→ EXERCISE PROMPT
Task for the records below: repeat the line containing "Туфли на каблуке-рюмочке" and every line after it, exactly and with nothing else, but leave out the pictures.

Dataset entries
════════════════════
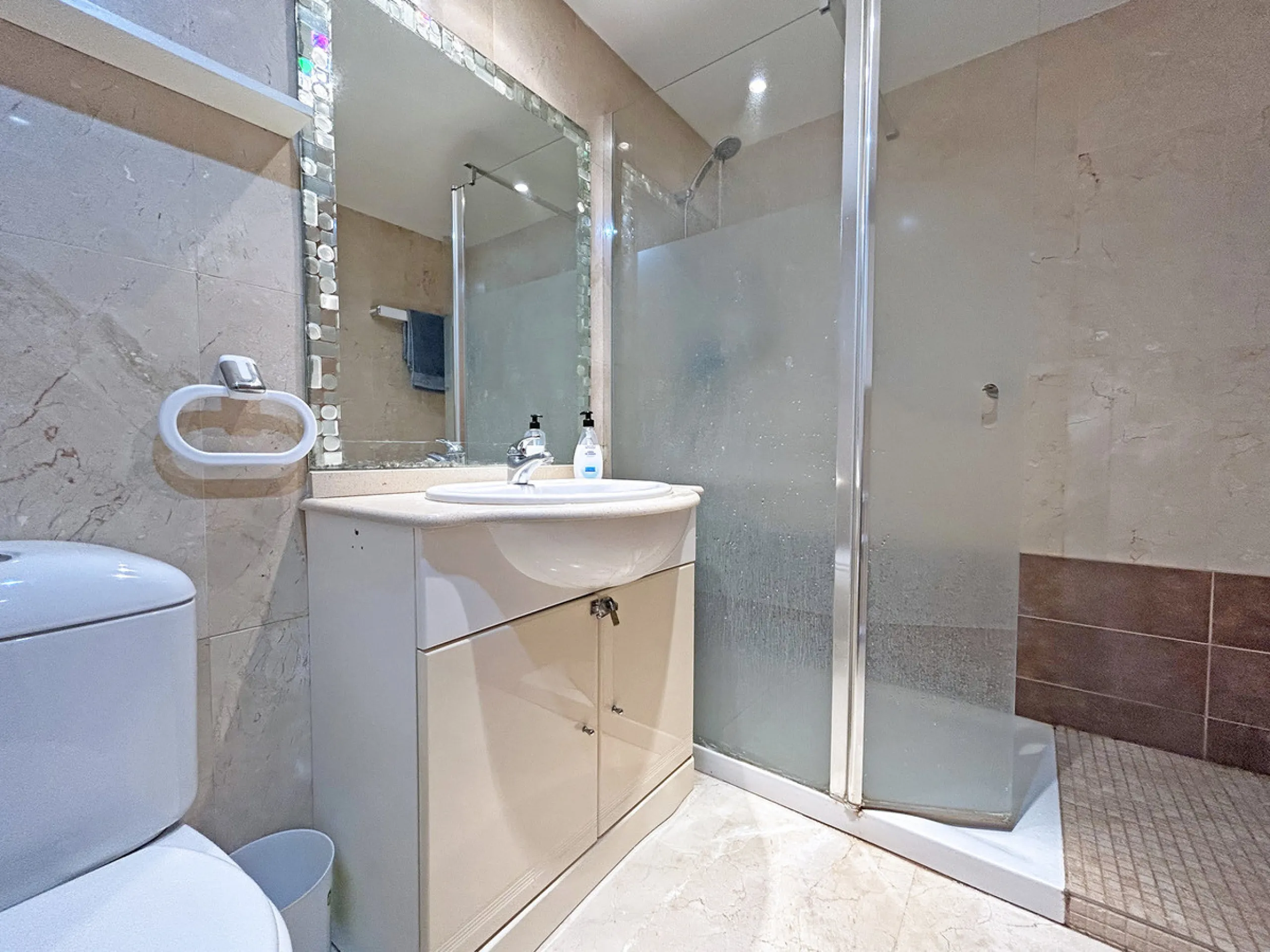 Apartment - Middle Floor Apartment в продаже в Marbella, Málaga. В доме 2 спален и 2 ванных комнат. Площадь дома 114 м²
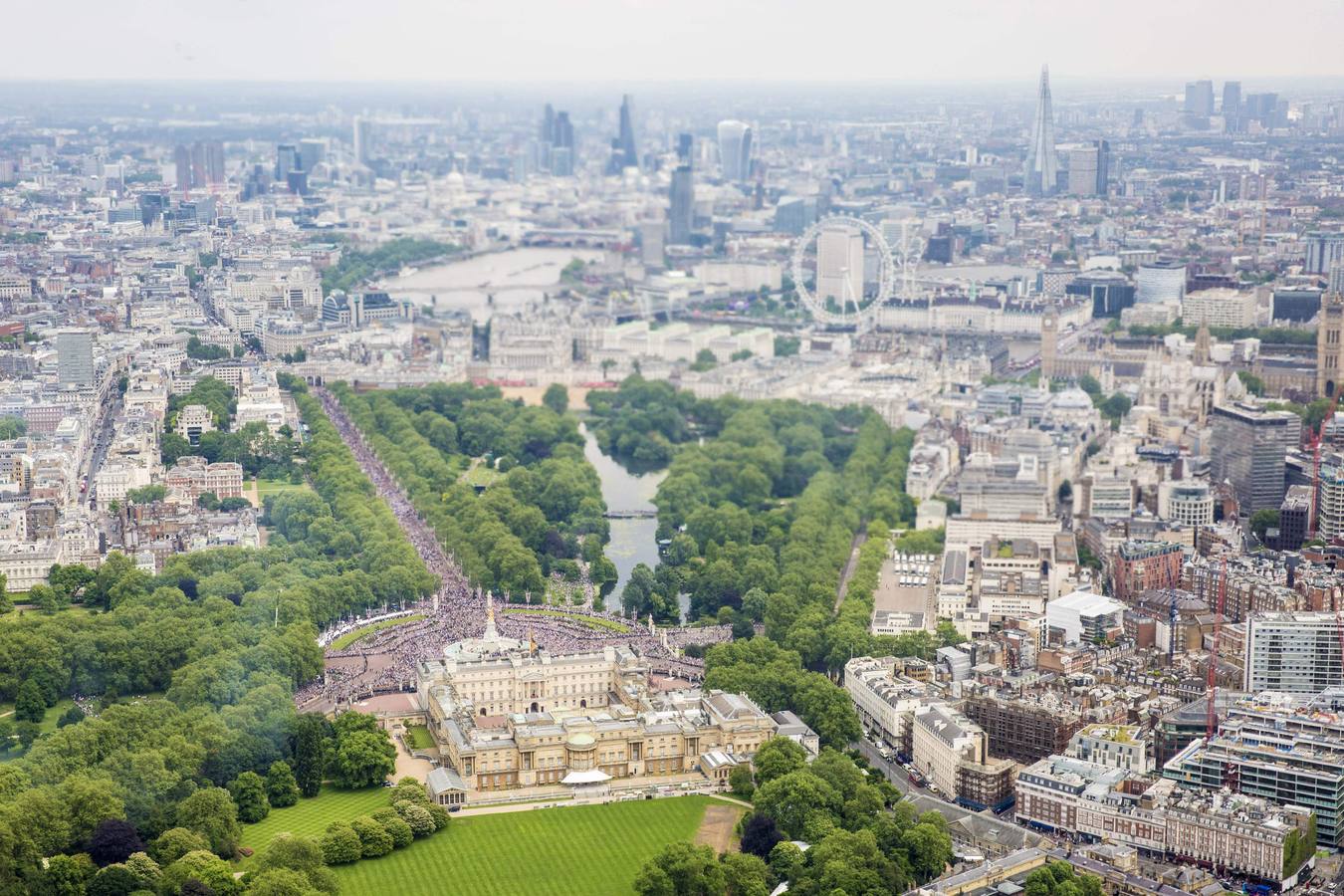 Londres celebra el 90 cumpleaños de Isabel II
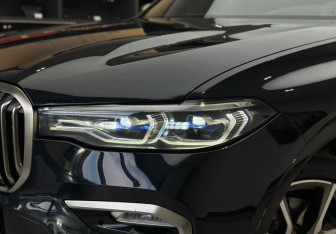 Подержанный автомобиль BMW X7 2019 года (3 фото)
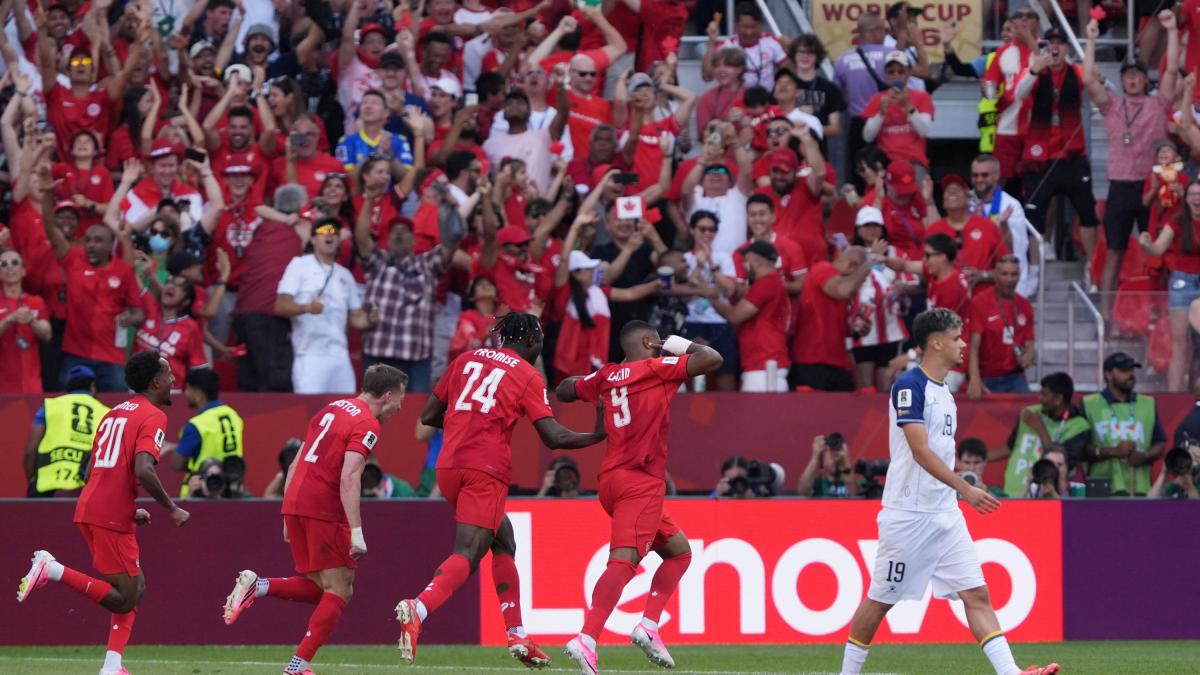Canadá logra su primer punto en un Mundial en un estadio que inició con asientos vacios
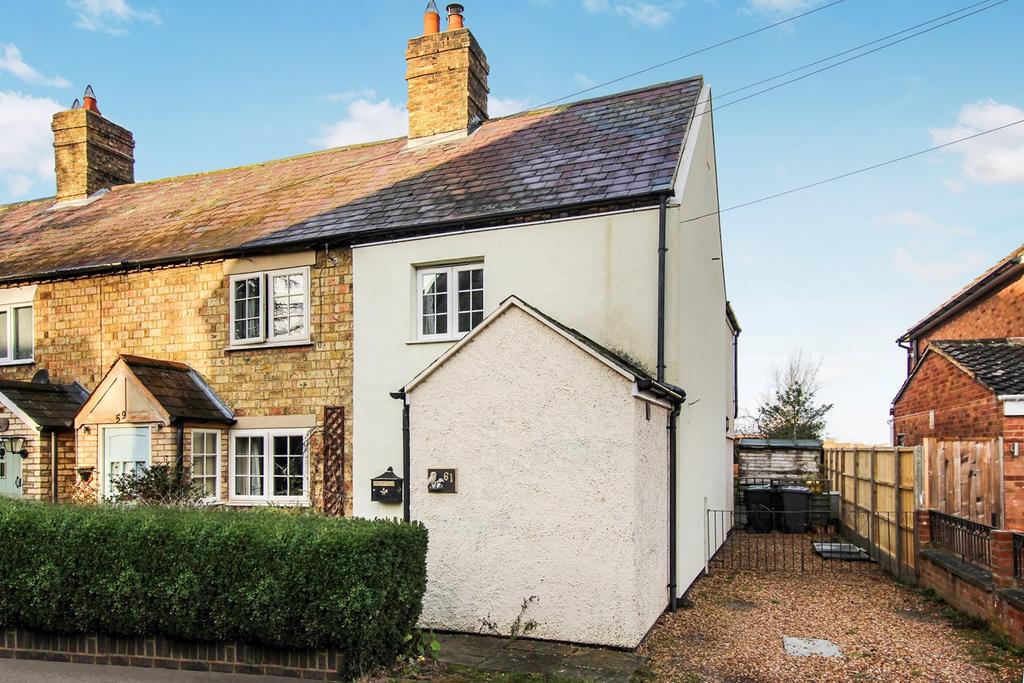 Silver End Road, Haynes, Bedford, MK45 2 bed terraced house £350,000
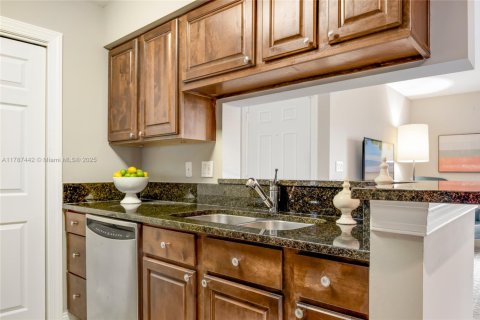 Снять в аренду квартиру в Бока-Ратон, Флорида 2 спальни, 101.82м2, № 1644872 - фото 11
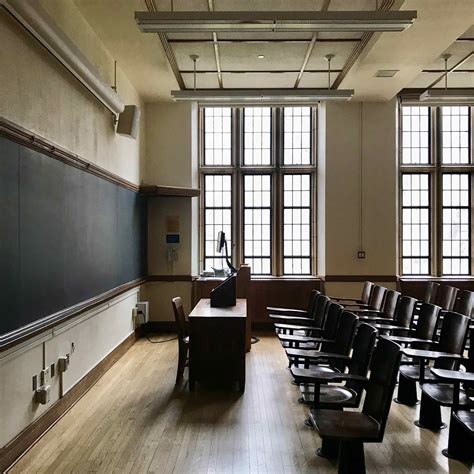 Empty rooms | Daily Snap | Yale Alumni Magazine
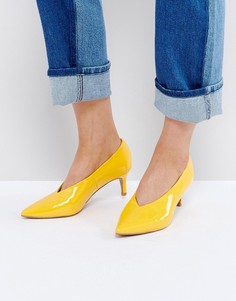 Туфли на каблуке-рюмочке с заостренным носком ASOS SUZIE - Желтый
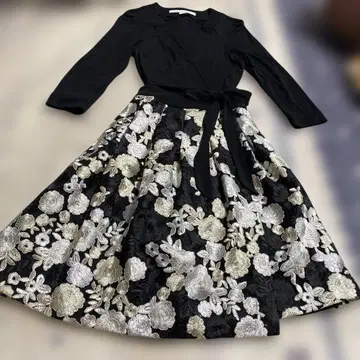DIANE VON FURSTENBERG 레이스 꽃무늬 자수 랩 원피스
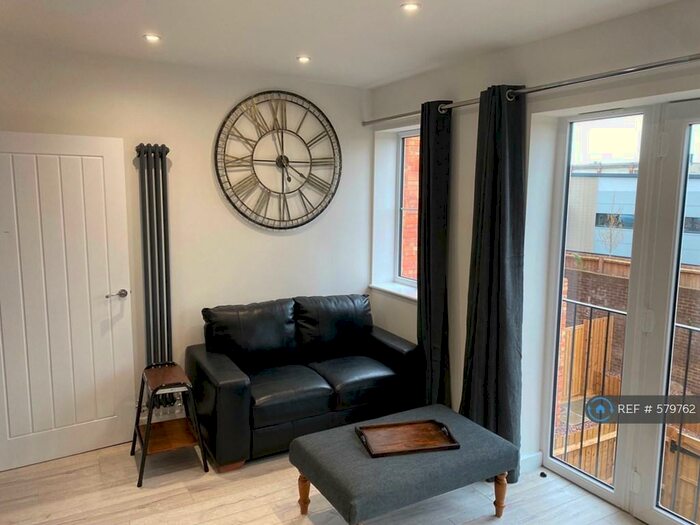 1 Bedroom Flat To Rent In Overstone Road, Northampton, NN1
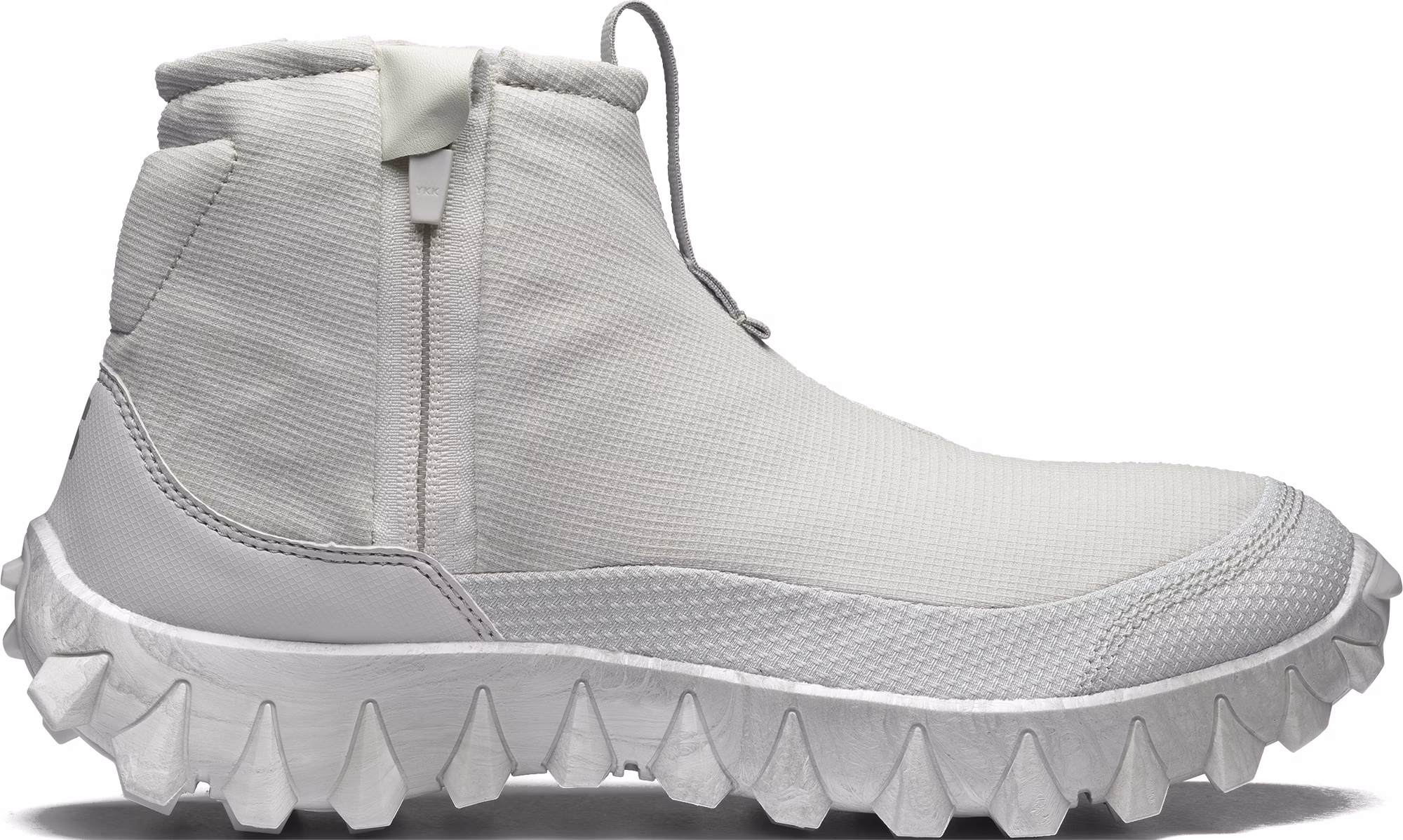 snow-clog-mid-l47579300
════════════════════
→ ANSWER SECTION
 Туфли на каблуке-рюмочке с заостренным носком ASOS SUZIE - Желтый
DIANE VON FURSTENBERG 레이스 꽃무늬 자수 랩 원피스
 1 Bedroom Flat To Rent In Overstone Road, Northampton, NN1
 snow-clog-mid-l47579300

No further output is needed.